Après deux premiers volumes déjantés qui plantaient l’univers de la série, Deathco est de retour chez Casterman avec un tome 3 mené tambours battants, qui bifurque dans sa dernière partie pour aboutir à un cliffhanger qui promet un tome 4 rempli de suspense et résolument sanglant.
Un manga sans temps mort, apportant son lot de révélations
Tout en se plaçant narrativement dans la continuité de ce qui a précédé, cette suite diffère par plusieurs apects de ce qu’Atsushi Kaneko avait pu établir jusque-là. Pour commencer, le dialogue est quasi-absent de la première moitié du volume, resserrant encore davantage, si cela était possible, les planches autour de l’action. En mauvaise posture après s’être heurtée aux tueurs qui cherchent à décimer les Reapers, la redoutable et quasi-indestructible Deathko est faite prisonnière et l’on menace de la torturer pour lui faire révéler les secrets de la Guilde, l’organisation qui envoie leur mission aux tueurs à gages afin de liquider des cibles précises. Bien entendu, cette situation ne durera guère et elle parviendra à tourner les choses à son avantage. Le reste du manga, dans le ton second degré qui caractérise la série, nous en apprendra davantage sur les relations de cette étrange gamine complètement autiste et Madame M, sa bienfaitrice, sur laquelle on sait très peu de choses.

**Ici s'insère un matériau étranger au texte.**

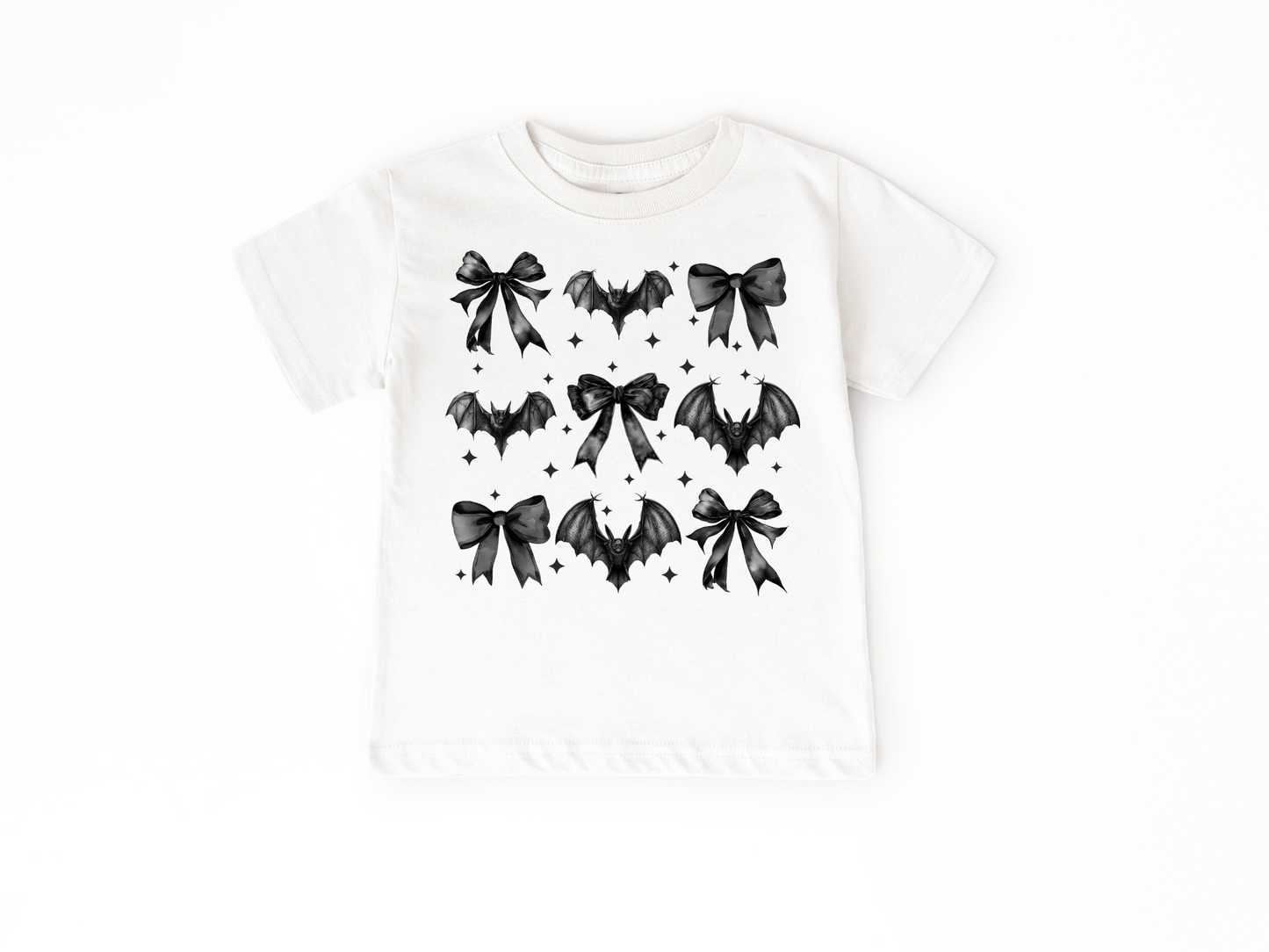 Retro Halloween Kids Shirt, Vintage Halloween Toddler T-Shirt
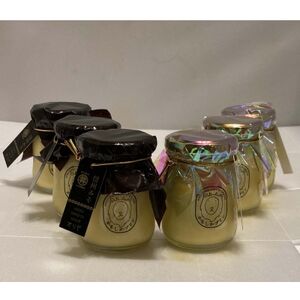 八ヶ岳育ちのたまごと牛乳 かもしかプリン プレーン・丸井の信州みそプリン(90ml×各3個)_菓子・スイーツ プリン  _【配送不可地域：離島】【1576518】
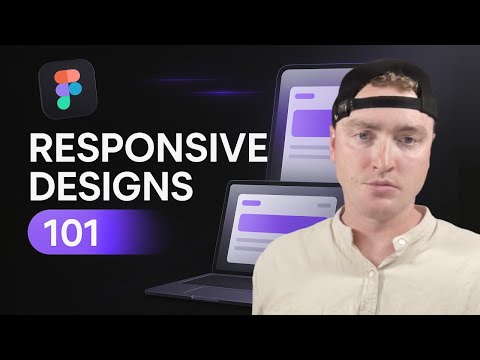 Figma Responsive Design: How Enterprise Teams Actually Do It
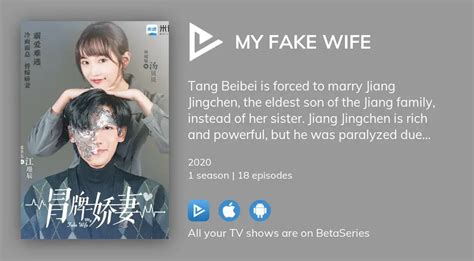 my fake wife where to watch|my fake wife tv series.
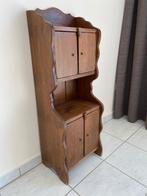 Mini kastje, Antiek en Kunst, Ophalen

Si le mangaka entretient encore et toujours le mystère sur son héroïne, son histoire et celle de la Guilde, il abat méthodiquement ses cartes et nous donne malgré tout l’impression d’avancer et de savoir où il va, alors même que Deathco aurait facilement pu s’enliser dans la seule accumulation de contrats remplis de manière expéditive par l’adolescente gothique. Si l’on ignore encore toute l’histoire de Madame M et les raisons profondes qui la poussent à agir, nous apprendrons néanmoins pourquoi elle veille sur Deathko, dont elle seule connaît la véritable identité. L’histoire personnelle de cette dernière, qui apparaît toujours complètement dépersonnalisée, broyant du noir en semblant se fondre dans une sorte de dépression cataclysmique, comme si elle portait tout le poids du monde sans raison aucune, ne sera pas davantage révélée. Mais en faisant quelques révélations prépondérantes, Atsushi Kaneko créé un suspense certain.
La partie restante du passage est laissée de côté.